Japan expects to invest between 1 and 2 % of its financial pledges to America Arabausa

Ryosa Akazawa, chief negotiator, said that actual investments will not exceed 2 percent of the total funds that Japan pledged to pump into the US economy worth $ 550 billion, while the bulk of the funds will be in the form of loans or loan guarantees.

Bloomberg News Agency reported that Japan will provide nearly 10 trillion yen ($ 68 billion) by reducing customs tariffs in its agreement with the United States.

Akazawa said in an interview with the Japanese Public “NHK” radio that the $ 550 billion investment framework will be investments, loans and loans provided by financial institutions supported by the Japanese government. Investments will be in the range of 1 and 2 percent of the total agreed financing fund value, and the profits of this fund’s investment will be divided by 90 percent for the United States and 10 percent for Japan, adding that Japan was proposing the division of profits equally.

The fund is the cornerstone of the agreement announced by the two sides, which will impose customs duties by 15 percent on Japanese cars and other commodities. But the details made by Akazawa indicate that the Japanese may eventually waive much less than what may appear at first glance.
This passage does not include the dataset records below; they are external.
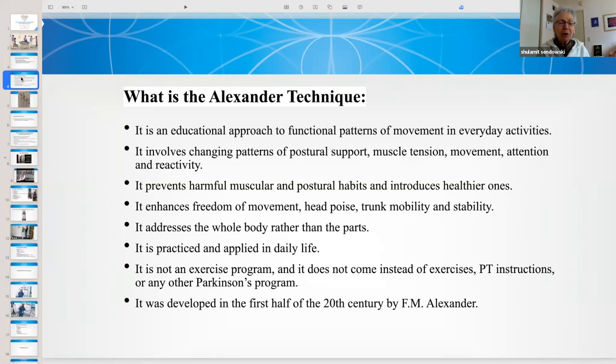The Alexander Technique enhances freedom of movement, head poise, trunk mobility, and stability. It addresses the whole body rather than its parts, and is practiced and applied in daily life. It is not an exercise program, and it does not replace physical therapy instructions or any other Parkinson's program. It was developed in the first half of the 20th century by F.M. Alexander.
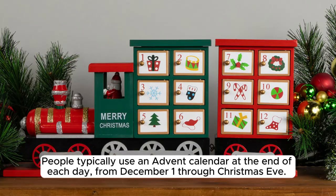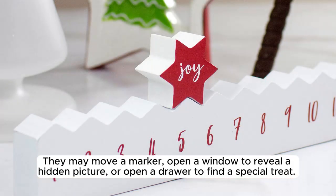People typically use an Advent calendar at the end of each day, from December 1st through Christmas Eve. They may move a marker, open a window to reveal a hidden picture, or open a drawer to find a special treat.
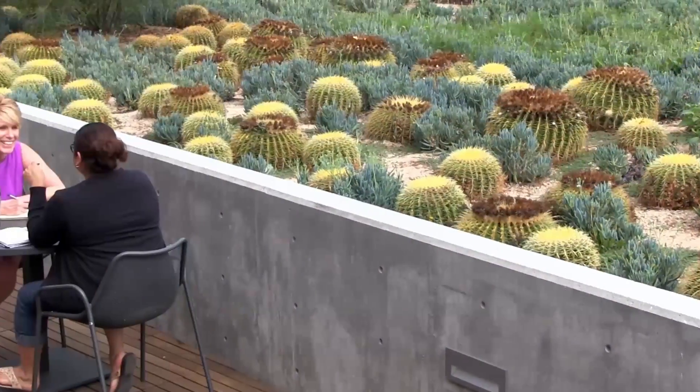We're going to end the tour up here on the rooftop cactus garden. Thanks for watching. If you get the chance, come see not only this building but all of campus for yourself. Bye!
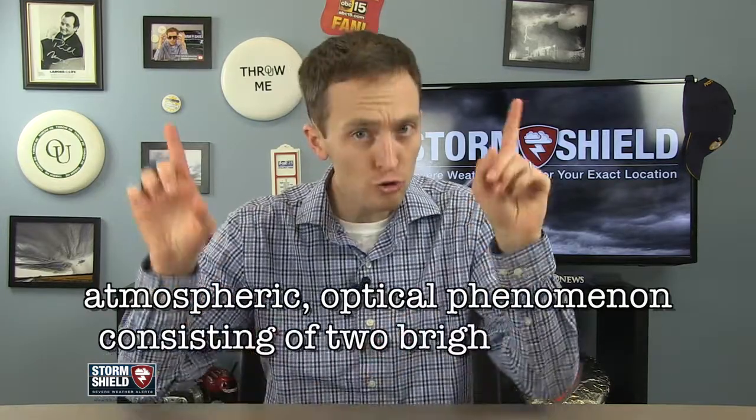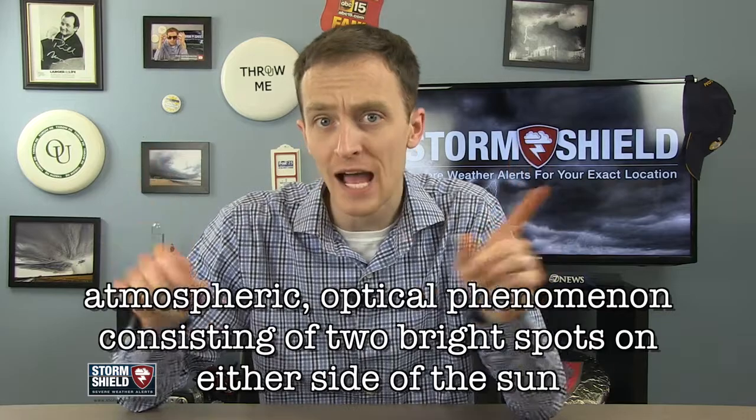I'm Storm Shield meteorologist Jason Myers, and a sun dog is an atmospheric optical phenomenon consisting of two bright spots on either side of the sun.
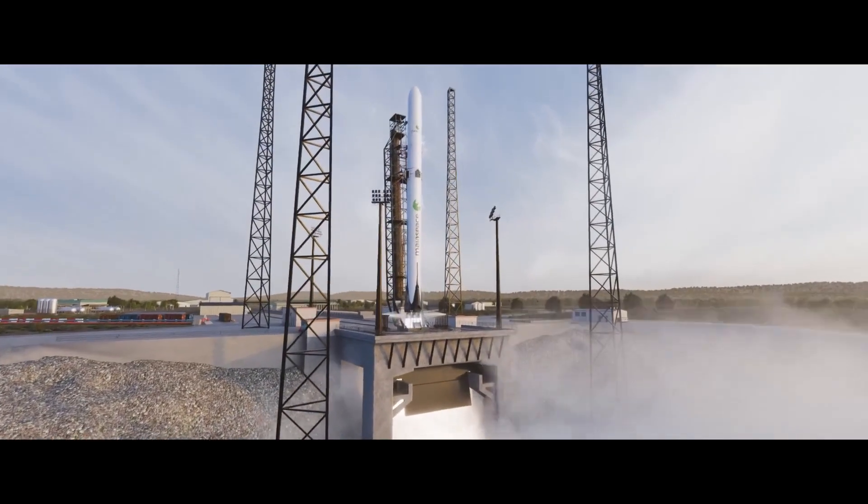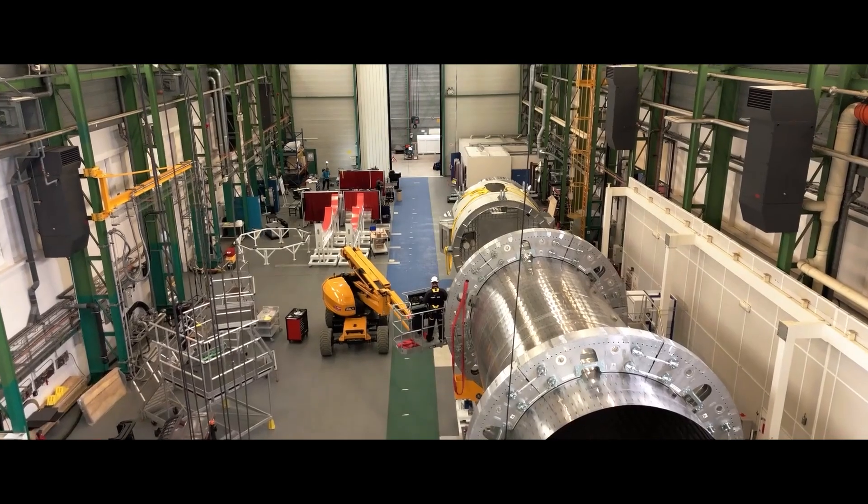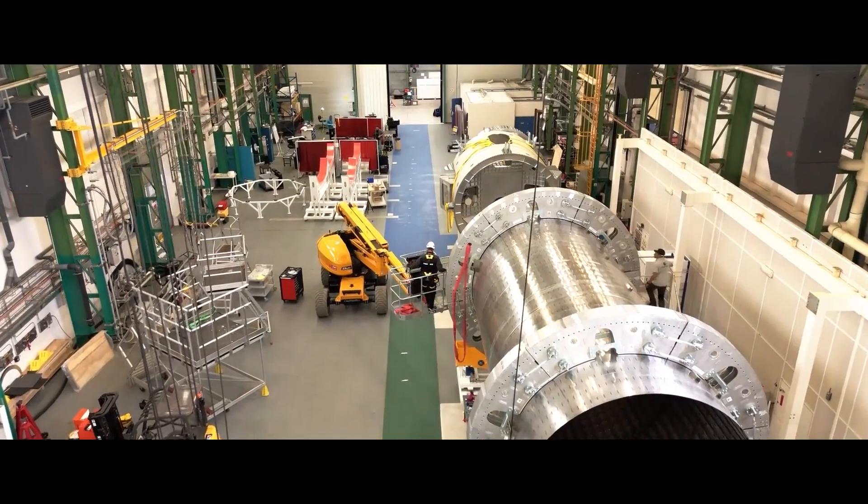MyAspace is a rocket company, basically. We are developing and designing, and will operate after that, a small rocket — a mini launcher we call it — with a reusable first stage. Around one purpose, one objective, which is to develop the best launch service.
These comments come at a time when officials from the countries that have agreements with the United States are undertaking a careful study of the conditions to explain what it contains to the public.

“The agreement does not mean sending 550 billion dollars in cash to the United States,” Akazawa said. By granting the United States 90 percent of profits instead of 50 percent, I think the loss of Japan will only be several billions of yen at most … but people say different things, such as (I have gone up Japan), but they are wrong. ”

“As for the loans provided through the program, Japan will simply get interest payments, and for loan guarantees, if nothing happens, Japan will also get the fees only … in this part, Japan only earns money.”

In conjunction with Akazawa’s comments, Japanese Cabinet Secretary Yoshimasa Hayachi said on Monday that the recent trade agreements between the United States and the European Union, as well as between the United States and Japan, reduce the uncertainty surrounding American commercial policy.

Hayachi, a government spokesman, added that the decline in uncertainty would reduce the risk of American commercial policy negative pressure on Japan and global economies.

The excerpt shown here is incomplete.